Aussie Pirates fan becomes Aussie Pirates star
IN JUST a few short years Brenton Thwaites has gone from a Pirates of the Caribbean fan to a star of the hit Disney franchise.
The Cairns-born actor was just 14 when the first Pirates film, based on Walt Disney's theme park ride of the same name, was released and Johnny Depp's eccentric trickster Jack Sparrow took the world by storm.
"I haven't been on a movie like this with an already established fan base like this one; I'm one of them, to be honest,” Brenton tells Weekend.
"I've watched these movies since I was a kid and I know how it feels when a new Pirates movie comes out; the excitement and buzz that comes with that.”
Now 27, and a new father, Brenton joins the cast for the fifth instalment, Dead Men Tell No Tales.
The film follows Sparrow as he searches for the trident of Poseidon, a powerful artefact that will allow him to battle his old nemesis Captain Salazar (Javier Bardem), who has escaped from the Devil's Triangle and is determined to kill every pirate at sea.
Brenton plays Henry, a soldier in the Royal Navy. "When we first find him in the movie, he is a greenhorn on board a ship,” he says.
"He's basically warning his captain of an oncoming danger, a supernatural threat, and they don't believe him and throw him in jail.
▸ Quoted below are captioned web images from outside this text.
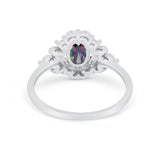 Oval Wedding Ring Vintage Round Simulated Cubic Zirconia 925 Sterling Silver
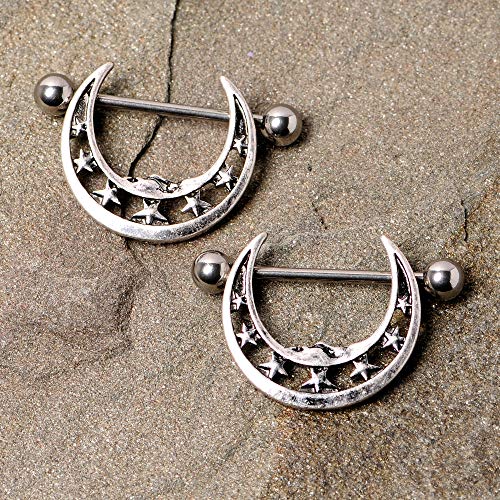 Body Candy 14G Womens Nipplerings Piercing 316L Steel 2Pc Crescent Moon Star Nipple Shield Set 7/8\" - Thumbnail 4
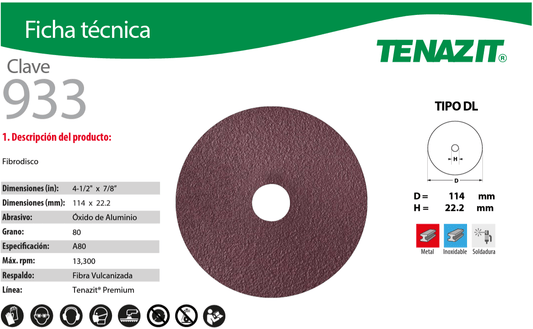 Austromex 933 Tenazit 933 Fibrodisco Óxido Aluminio Grano 80 de 4-1/2" x 7/8" Austromex AUSTROMEX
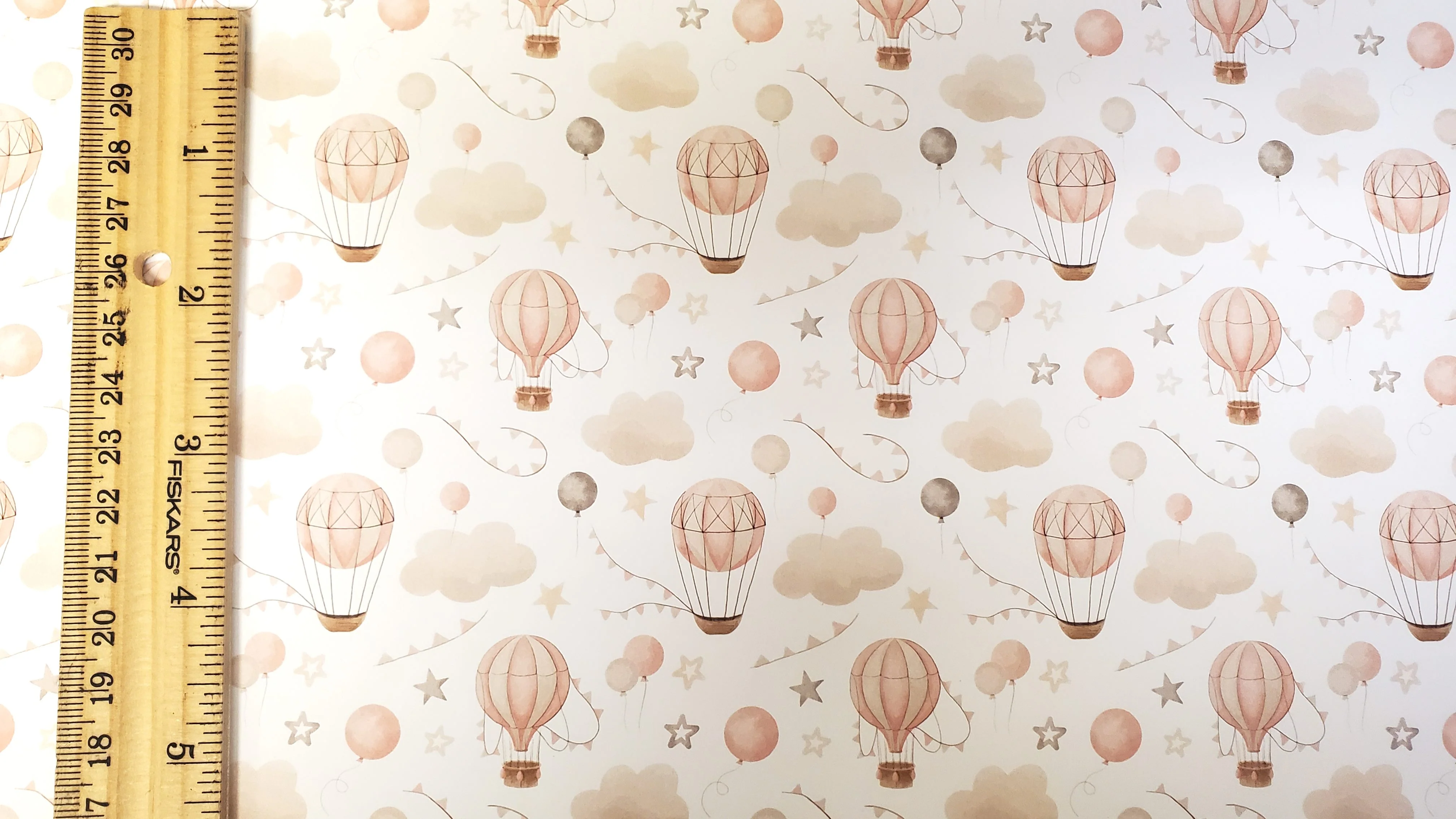 Dollhouse Nursery Wallpaper 3 Sheets Hot Air Balloons Beige 1:12 Scale Miniature - Image 3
"He's busted out of jail by Carina, who catches wind of what he's saying and believes him. She is after the same thing, so together they form an alliance and try to find Jack Sparrow, who's the only one who can help them.”
While Brenton says he was mesmerised by Johnny Depp in their scenes together, he was most excited to work with Javier Bardem.
"He was one of the highlights of the movie for me. For one, he's a really nice guy and was super excited to be part of the movie,” he says.
"Then as soon as action is called he turns into this monster; it's quite intimidating. You know the guy is the same guy from No Country For Old Men and he will kill you (laughs).
"His transformation physically and the things he was doing with his face were phenomenal. I was geeking out all through my scenes with Javier.”
The film brought Brenton back to Queensland for the first time in six years, when he starred in Foxtel's teen drama SLiDE.
He now lives in Los Angeles with his partner Chloe and their one-year-old daughter Birdie.
Shot on the Gold Coast, northern NSW and in the Whitsundays, the production boasted impressive set pieces including an entire town built in the Gold Coast hinterland and a "ship arena'' with 11 mechanised ships at Movie World.
"The great thing about this movie was the budget allowed these guys to create such wonderful set pieces and we could jump into the space and play,” Brenton says.
"On other films my experience is there have been more boundaries in terms of the budget for CGI is this much; you've got to pretend this and this. On Pirates it wasn't like that. For the most part we're acting on real pirate ships, with set pieces and real walls. It really gave the filmmakers and actors the chance to come up with ideas and be a little bit irreverent with their way of shooting things.”
And no Pirates character is worth their salt unless they get to do a bit of swashbuckling. "I did a few sword fights in this one,” Brenton says. "I have to say I enjoyed it. I think my sword skills are pretty good.”
Pirates of the Caribbean: Dead Men Tell No Tales
- Stars: Johnny Depp, Geoffrey Rush, Javier Bardem, Kaya Scodelario, Orlando Bloom, Brenton Thwaites.
- Directors: Joachim Ronning, Espen Sandberg
- Rating: TBA
- Reviewer's last word: Javier Bardem is an excellent villain who, along with a few other new additions, breathes new life into this well-worn franchise.
Star Profile: Brenton Thwaites
- Quirky fact: Met his partner Chloe, with whom he has a daughter, while living in a share house on the Gold Coast to film Pirates of the Caribbean 5.
- Best known for: The Giver, Maleficent, Gods of Egypt.
- If you like this movie you'll like these: Pirates of the Caribbean: On Stranger Tides, The Jungle Book, Alice in Wonderland.
- Quote: "There are so many near death experiences (in South Africa), that near death just becomes like getting a coffee in the morning - it keeps you awake and alive.”